Vor wenigen Tagen hat Bundeswirtschaftsministerin Katherina Reiche (CDU) die Frühwarnstufe des Notfallplans Gas ausgerufen. Damit hat sie die bislang geltende zweite Stufe, die sogenannte Alarmstufe, herabgesetzt, die seit 23. Juni 2022 galt.
Damit ordnet die Bundesregierung die Lage am Gasmarkt neu ein und sendet ein Signal, dass sie nicht mit kurzfristigen Beeinträchtigungen der Gasversorgung rechnet.
Noch nicht wintertauglich
Inzwischen reagiert der Gasmarkt bearisch, die Gaspreise haben sich nach einer Hochphase Mitte Juni wieder stabilisiert. Auch die Speicherbefüllung läuft wieder auf Hochtouren. In Deutschland stiegen die Netto-Einspeicherungen mit rund 25,5 Terawattstunden (TWh) auf den höchsten Stand seit 34 Monaten, so eine Analyse von Ganexo. Im Vormonat lag der Wert bei 18 TWh, im Vorjahresmonat bei 21 TWh.
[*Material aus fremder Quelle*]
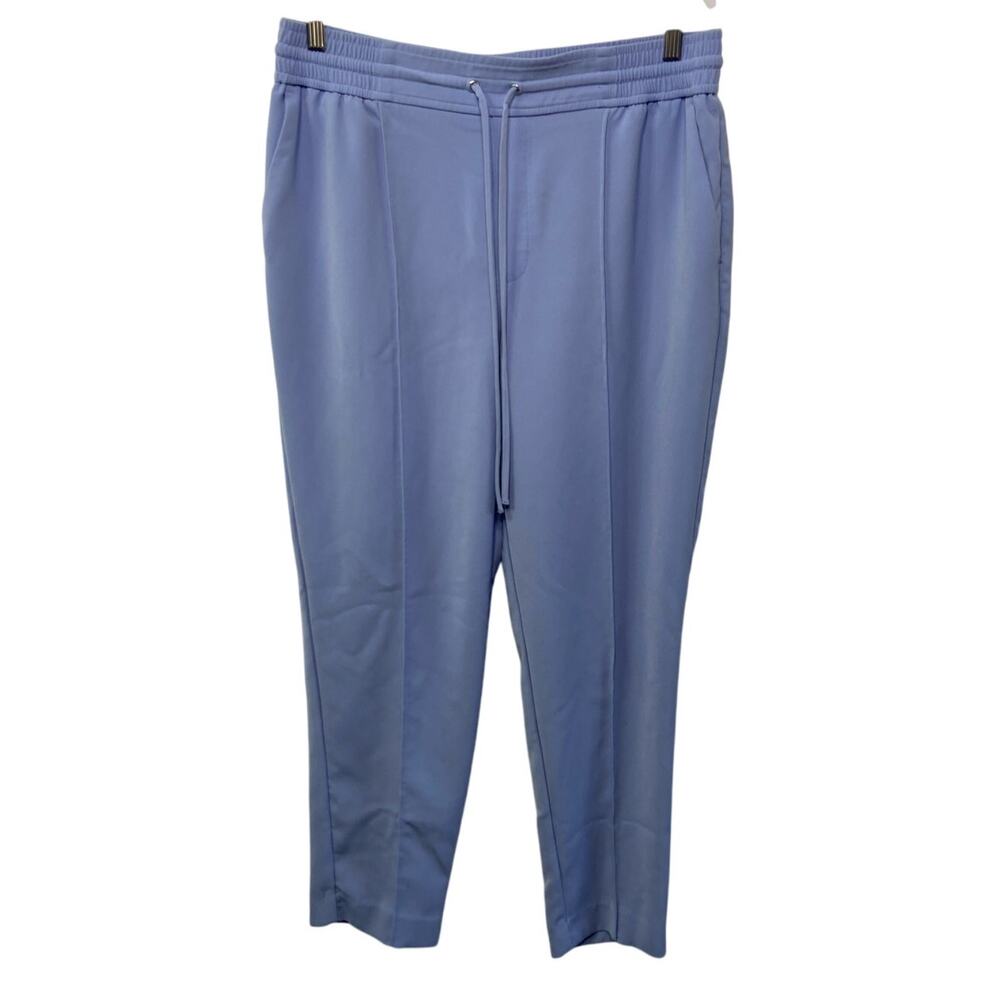 Nine West Slim Straight Blue Track Pants Drawstring Plus Size 14 Stretch Elastic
Jedoch sind die Gasspeicher Deutschlands nur zu 51 Prozent gefüllt und damit rund 30 Prozentpunkte weniger als vor einem Jahr (knapp 82 Prozent). Sollte sich der Gasspeicherfüllstand bis November nicht bei etwa 80 Prozent einfinden, könnten frühe Kältewellen die Sorgen auf dem Gasmarkt insgesamt schon vergrößern. Das würde wiederum zu einem erneuten Anstieg der Gaspreise führen.
Keine Ausreichenden Anreize für Einspeicherung
Trotz des hohen Einspeicherungstempos sieht der Oldenburger Energieversorger und Gasspeicherbetreiber EWE die Gefahr, dass der Markt aktuell keine ausreichenden Anreize zur Einspeicherung liefert. "Gleichzeitig ist eine staatliche Befüllung durch Trading Hub Europe bislang nicht vorgesehen", sagte CEO Stefan Dohler. Gebe es weiterhin keine wirtschaftlich tragfähigen Einspeicheranreize und ziehe sich der Staat dabei aus der Verantwortung zurück, "ist das Risiko real, dass Speicher vor dem kommenden Winter nicht hinreichend gefüllt sind. Das darf nicht passieren".
"Das eine tun, ohne das andere zu lassen"
Geschäftsführer von Eins Energie, Martin Ridder, teilt die Einschätzung von Dohler zu den fehlenden wirtschaftlichen Anreizen zur Befüllung und der zugleich anscheinend abwartenden staatlichen Haltung. "Resilienz und damit Versorgungssicherheit haben ihren Preis und zu lange warten kann auch noch teurer werden. Als Staat, Gesellschaft und Branche sollten wir nicht vergessen, wie sich eine drohende Gasmangellage anfühlt", sagte er auf Anfrage der ZfK. Seine Empfehlung: Das eine tun, ohne das andere zu lassen. Also nicht permanent in der Alarmstufe bleiben, aber zugleich Gasspeicher rechtzeitig befüllen und grundsätzlich eine resiliente Versorgungslage für Deutschland und Europa herstellen.
Angesichts der voranschreitenden Diversifizierung der Bezugsquellen und einer raschen Schaffung von neuen Gasimport-Infrastrukturen kommt für den Energiekonzern Uniper die Herabsetzung der Gas-Krisenstufe nicht überraschend. "Nach der Versorgungskrise 2022 konnte die Gasversorgung und eine gezielte Befüllung der Speicher dadurch zügig sichergestellt werden", so eine Unternehmenssprecherin auf ZfK-Anfrage.
Die Situation habe sich inzwischen deutlich entspannt. Um die Versorgungssicherheit langfristig aufrechtzuerhalten, sei es jedoch notwendig, strukturelle Schwächen im bestehenden Rechts- und Regulierungsregime für Gasspeicher, die bei einem besonders kalten Winter oder geopolitischen Störungen schnell zu kritischen Versorgungssituationen führen könnten, zu beheben, hieß es aus Düsseldorf weiter.